Elle les publie sur son site Internet pour recueillir les observations des tiers intéressés.
En mai 2018 (voir communiqué de presse du 16 juillet 2018), l’Autorité a décidé, à la suite de la communication de plusieurs projets de rapprochements à l’achat, Auchan/Casino/Metro/Schiever, Carrefour/Système U, d’ouvrir, pour chacun de ces accords, une enquête afin d’évaluer leur impact concurrentiel à l’amont (fournisseurs) et à l’aval (consommateurs). Une autre enquête a ensuite été lancée concernant le rapprochement à l’achat entre Carrefour et Tesco (l’Alliance).
L’accord Carrefour et Tesco
Dans le prolongement de cette dernière enquête, l’Autorité s’est autosaisie au fond puis en mesures conservatoires sur le fondement du dispositif spécifique aux centrales d’achat introduit par la loi Egalim en septembre 2019. L’Autorité a en effet la faculté, en matière de rapprochements à l’achat, de se saisir d’office en mesures conservatoires[1].
L’accord Carrefour/Tesco, dit l’Alliance, s’articule autour de deux axes : l’achat en commun de produits de marques de distributeurs (MDD) et la fourniture en commun de services internationaux au bénéfice des fournisseurs.
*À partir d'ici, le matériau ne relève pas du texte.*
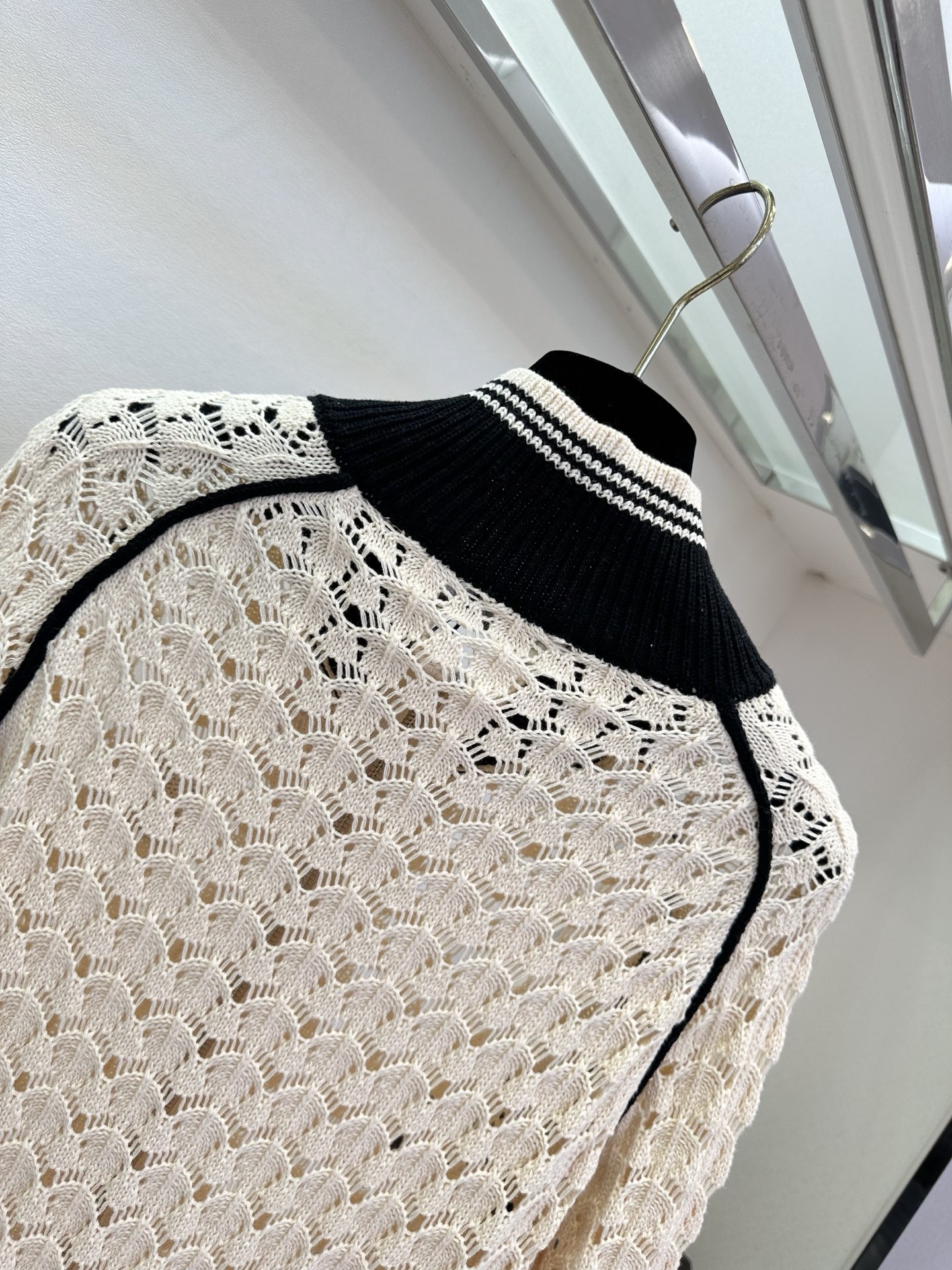 26S 早春新品谁能拒绝Miu家的富家千金感呀！经典的奶白拼黑配色，自带复古滤镜，棒球领的设计中和了针织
Les préoccupations de concurrence soulevées : une fragilisation des fournisseurs de MDD
L’instruction des accords conclus entre Carrefour/Tesco a permis d’identifier des préoccupations de concurrence concernant le volet relatif aux produits de marques de distributeur (MDD).
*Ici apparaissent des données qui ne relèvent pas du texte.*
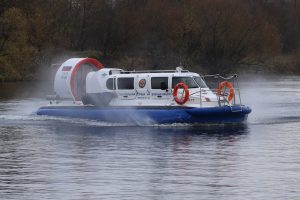 Спасательные катера с видеорегистраторами будут патрулировать Москву-реку этой зимой. Фото: ГОЧСиПБ
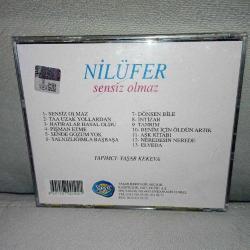Cd Nilüfer sensiz olmaz albümü. Orijinal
En effet, le marché amont de l’approvisionnement est marqué par des conditions contractuelles plutôt défavorables aux fournisseurs (absence d’exclusivité, contrats de courte durée, absence d’engagements de volumes de la part des distributeurs), ce qui limite leur pouvoir de marché. La rentabilité relativement faible de ces entreprises illustre ce faible pouvoir de marché.
En outre, une part significative de l’offre MDD est produite par des entreprises de taille réduite (PME, TPE), plus exposées à un changement brutal des conditions de commercialisation de leurs produits, qu’il s’agisse d’une baisse de prix ou de la perte de volumes que pourrait engendrer la massification des achats des parties.
Or, si le cahier des charges des produits MDD est in fine défini par le distributeur, son processus d’élaboration fait également intervenir les fournisseurs en amont lors de la phase de définition des produits, ceux-ci jouant alors un rôle important dans l’innovation de certains produits.
La mise en œuvre des accords de coopération pourrait ainsi fragiliser des entreprises faisant partie du processus d’innovation pour les produits MDD et diminuer la capacité, voire l’incitation, des fournisseurs à investir et à innover, et ainsi nuire au bien-être des consommateurs sur le marché de détail.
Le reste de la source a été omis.